NCollector Studio

Home-screen

After starting NCollector Studio, you will face the home-screen. From here you can perform common tasks like starting new jobs, loading previously saved projects and navigating between the modules. The three shortcuts in the main-area lets you start a new job in just a click.

Screenshot main window

Toolbar

On the upper left hand of the main-screen you find the toolbar.

The toolbar in NCollector Studio

From the toolbar the following tasks (from left to right) can be performed:

Modules

Use the module-selector on the upper right hand to change between the main-modules.

The modules available in NCollector Studio

The "General"-module will show information about the current-job as well as a list of the active downloads.

"Files"-module will present a list of all files downloaded during a “File Rip” project. You may then open the webpage in which the files were found, view downloaded images in the previewer, or open them in the associated program on your computer. You can also delete unwanted files on the fly. NB! The files-module is only applicable for “File Rip” projects.

Important information recorded during a job is available in the "Log"-module. The list will update continuously as the job progresses. The log-file can also be opened using the "Tools, Show Log File"-entry in the main-menu. Logging can be turned completely off in the preferences-menu to reduce memory and CPU-consumption a bit.

Wizard

When creating a new job, or loading a previously saved job, you can easily configure the project to you desires by clicking a few times in the user-friendly wizard. The wizard can either be started using the new-menu or one of the shortcut-icons at the home-screen.

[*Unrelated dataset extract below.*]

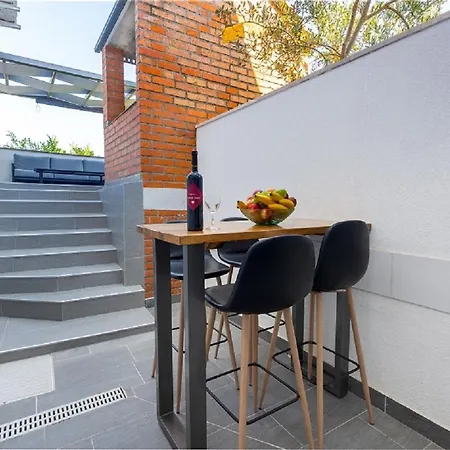 Spacious Family Aria Apartment Trogir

Choose what kind of project you want to start. Let’s summarize a little from the introduction-chapter:

Project Setup

On the initial page it’s recommended that you specify a name for your project. A default download-folder is suggested, and should be used unless you have good reasons not to. Finish off the first page by specifying a source-address and click next.

Wizard screenshot setting the initial project setup

Click the "Log In"-button next to the address if the given website requires you to log on to access it. A web browser will open, and you'll be able to fill in then authentication details in the same way as when you're logging into the site from your regular browser.

The "Add More"-button will show the advanced options for this page.

Link Restrictions

One of the most powerful mechanisms for filtering which files get downloaded is the options found at the “Link Restrictions”-page in the wizard. From here you can limit the crawler to only scan the website for a given depth or ignore all files outside the domain of the starting-URL(s).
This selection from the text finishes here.